▶ What you have to do
Given the entries that follow, write out exactly the lines starting at the one containing "2201 Pearl St #206 — Photo 11" and ending at the one containing "Army soldiers gather", both ends included, and only those.

▶ Data listing
<<<<

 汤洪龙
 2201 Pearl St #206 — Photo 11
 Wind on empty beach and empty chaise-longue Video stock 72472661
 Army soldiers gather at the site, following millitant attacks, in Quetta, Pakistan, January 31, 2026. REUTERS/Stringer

>>>>
<<<<

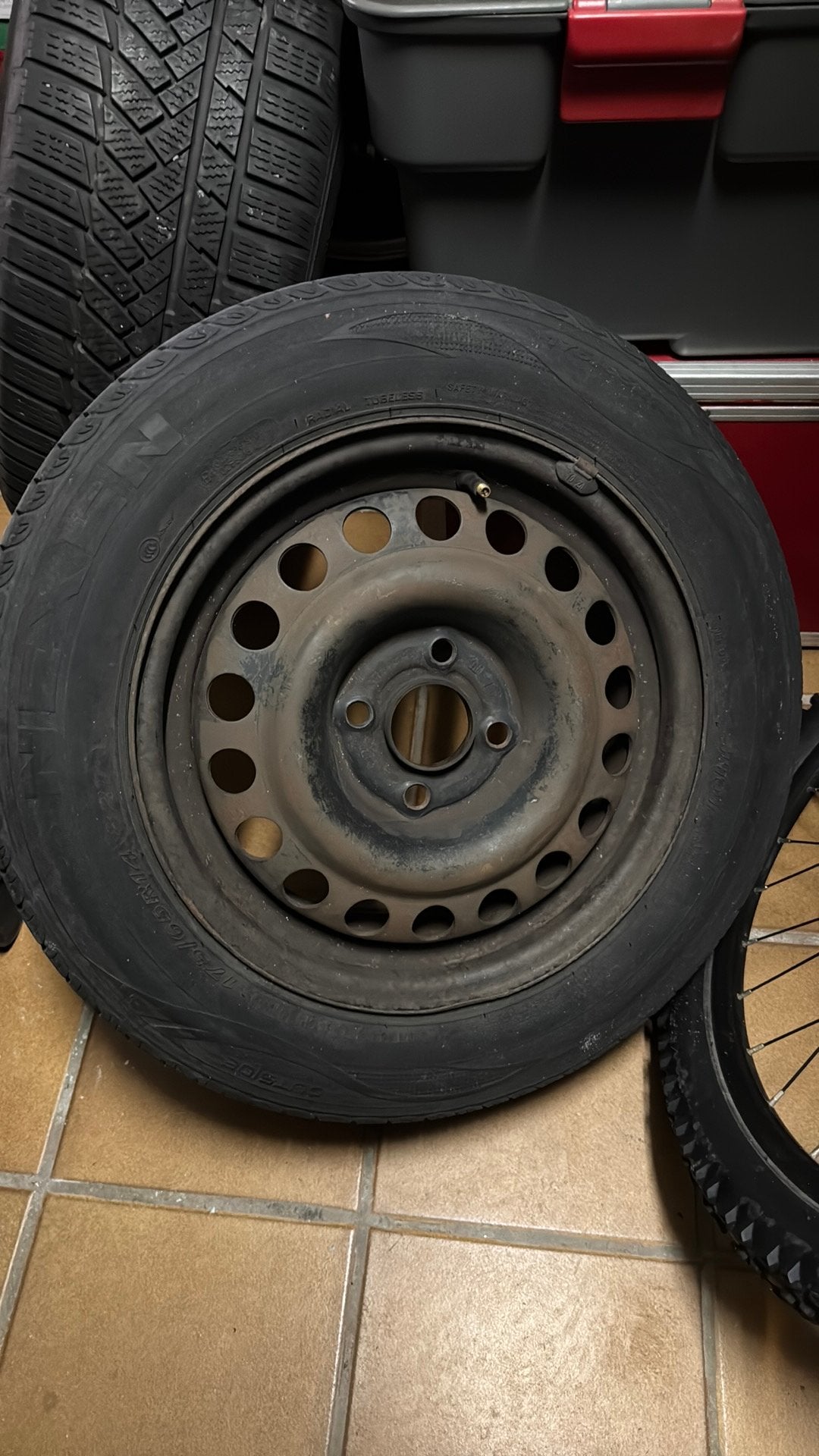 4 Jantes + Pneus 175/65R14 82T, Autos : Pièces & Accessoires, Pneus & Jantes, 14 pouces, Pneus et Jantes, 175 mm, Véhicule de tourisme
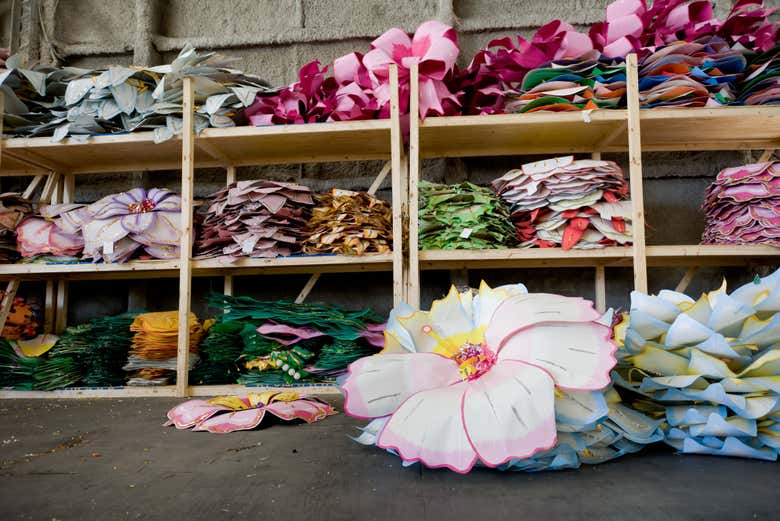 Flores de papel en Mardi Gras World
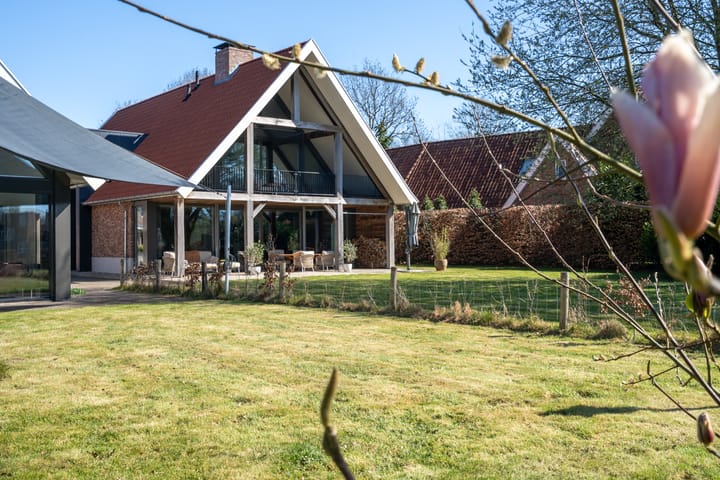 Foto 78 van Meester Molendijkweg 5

>>>>
<<<<

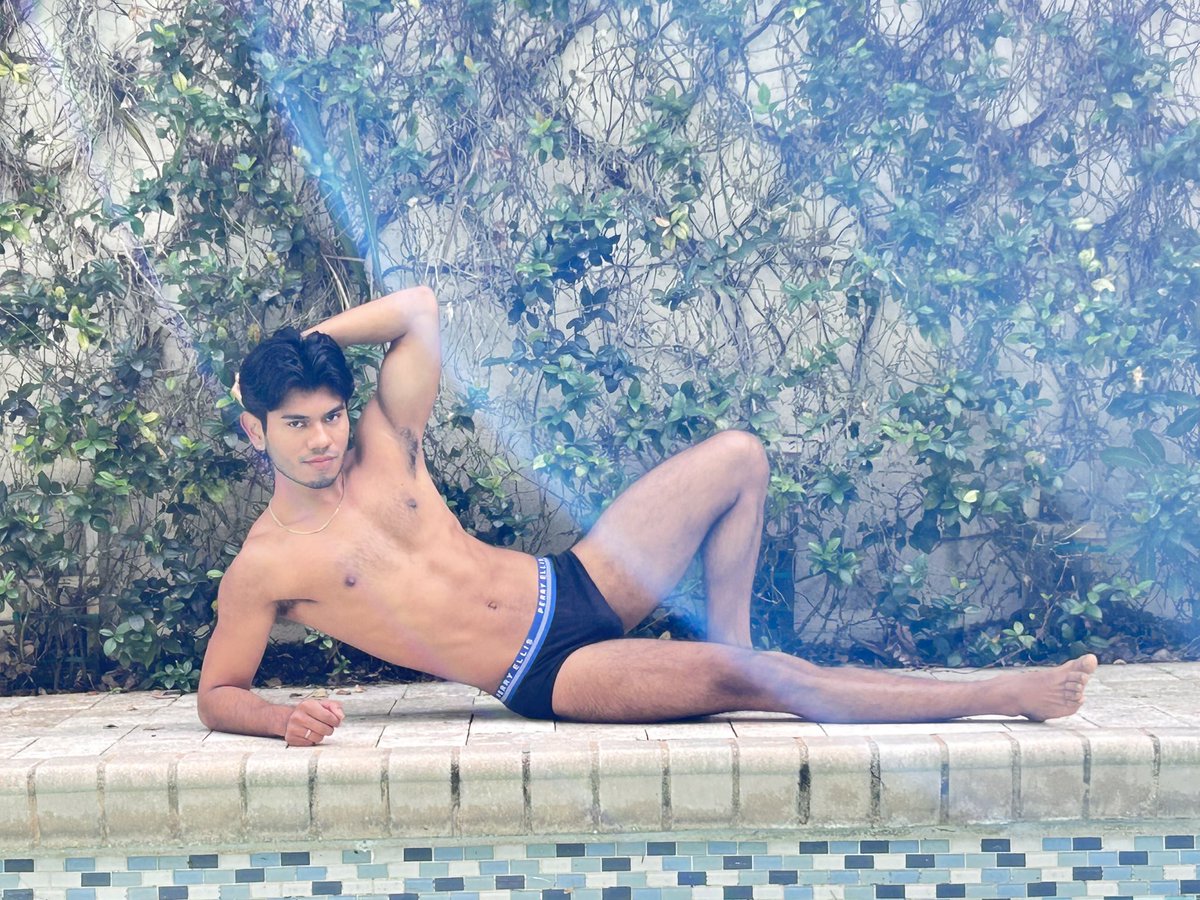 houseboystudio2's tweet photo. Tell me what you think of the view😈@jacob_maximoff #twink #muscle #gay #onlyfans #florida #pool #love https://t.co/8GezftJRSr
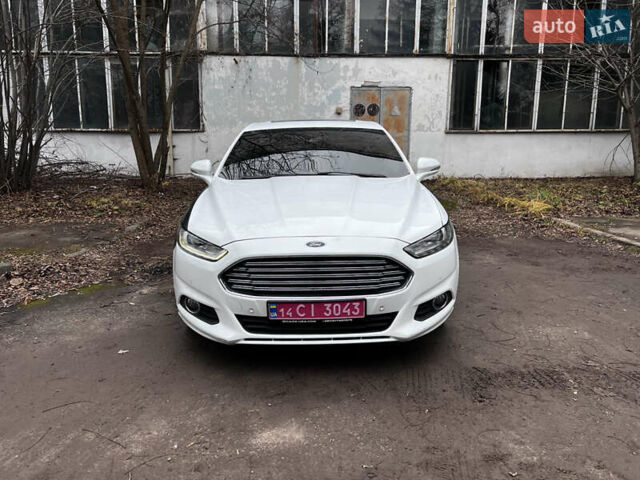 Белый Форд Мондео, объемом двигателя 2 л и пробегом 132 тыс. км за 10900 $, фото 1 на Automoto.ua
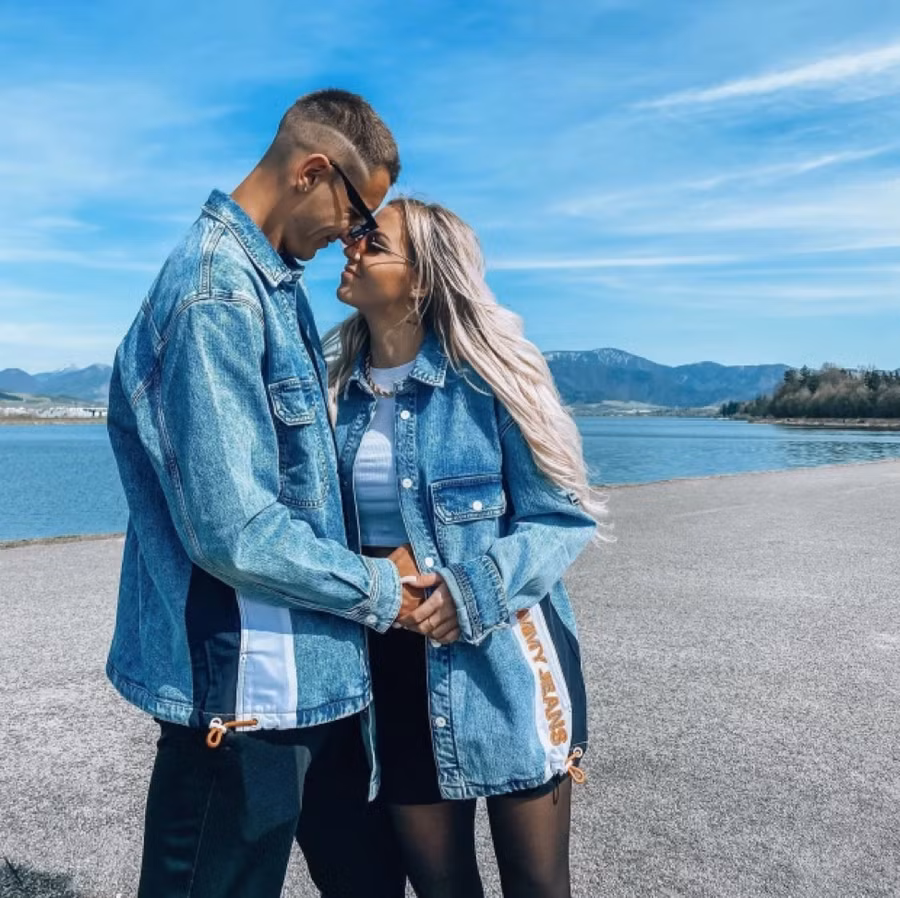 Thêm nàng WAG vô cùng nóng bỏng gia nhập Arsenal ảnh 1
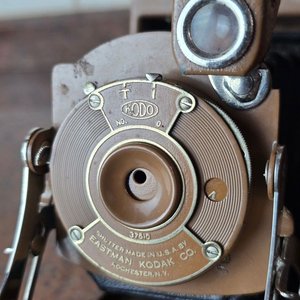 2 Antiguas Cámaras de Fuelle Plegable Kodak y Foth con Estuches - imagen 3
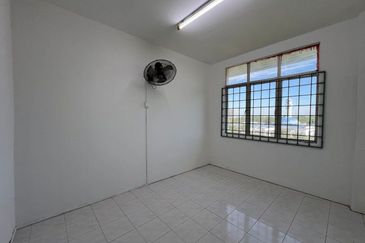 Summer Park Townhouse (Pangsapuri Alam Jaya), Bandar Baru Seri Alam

>>>>

▶ Solution below
 2201 Pearl St #206 — Photo 11
 Wind on empty beach and empty chaise-longue Video stock 72472661
 Army soldiers gather at the site, following millitant attacks, in Quetta, Pakistan, January 31, 2026. REUTERS/Stringer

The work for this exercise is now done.